Out-Law News 2 min. read

PRA finalises how it will authorise and supervise insurance linked securities regime


The Prudential Regulation Authority (PRA) has published final rules setting out how it will authorise and supervise insurance special purpose vehicles (ISPVs), which will be used to issue insurance linked securities (ILS) in the UK.

The new rules and supervisory statement will be formally adopted once the 2017 Risk Transfer Regulations, which were laid before parliament last month, come into force.

The PRA's final approach mostly corresponds to the draft that it published in July. It also includes some additional guidance on the requirement that the ISPV be fully funded, the circumstances in which ISPVs may be authorised before receiving funding, and interaction with the Senior Insurance Managers Regime (SIMR), among other matters.

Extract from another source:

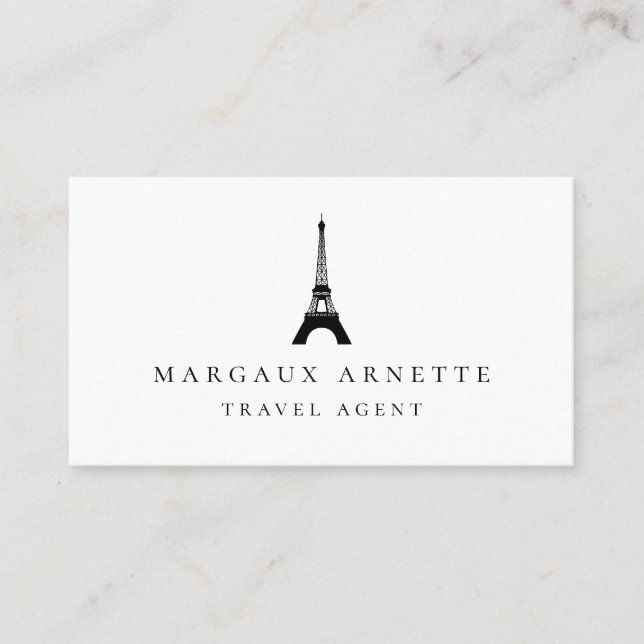 Eiffel Tower Black Logo Business Card (Front)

The final rules also do away with the need for a multi-arrangement ISPV (MISPV) to pre-notify the PRA each time they create a new 'cell', following concerns from the industry that this requirement could prove unduly burdensome and would not support a competitive environment for ILS activity. Instead, the PRA will authorise MISPVs based on a 'scope of permission', which would set out the parameters within which future cells could be established.

A UK framework governing the tax and regulatory treatment of ILS is expected to be in force in time for the 2018 renewal season, subject to the passage of the necessary regulation through parliament. The regulations provide for a tailored and proportionate approach to the authorisation and supervision of ISPVs, while additional Risk Transformation (Tax) Regulations set out the associated tax regime.

ILS, of which 'catastrophe bonds' are one common type offer insurers an alternative to traditional reinsurance as a form of risk mitigation by allowing insurers to transfer large and complex risks to the capital markets, rather than a reinsurer. The regulations, and associated rules, will allow the UK to share in a global market which is estimated to be worth as much as $87 billion by 2019, according to research previously cited by the Treasury.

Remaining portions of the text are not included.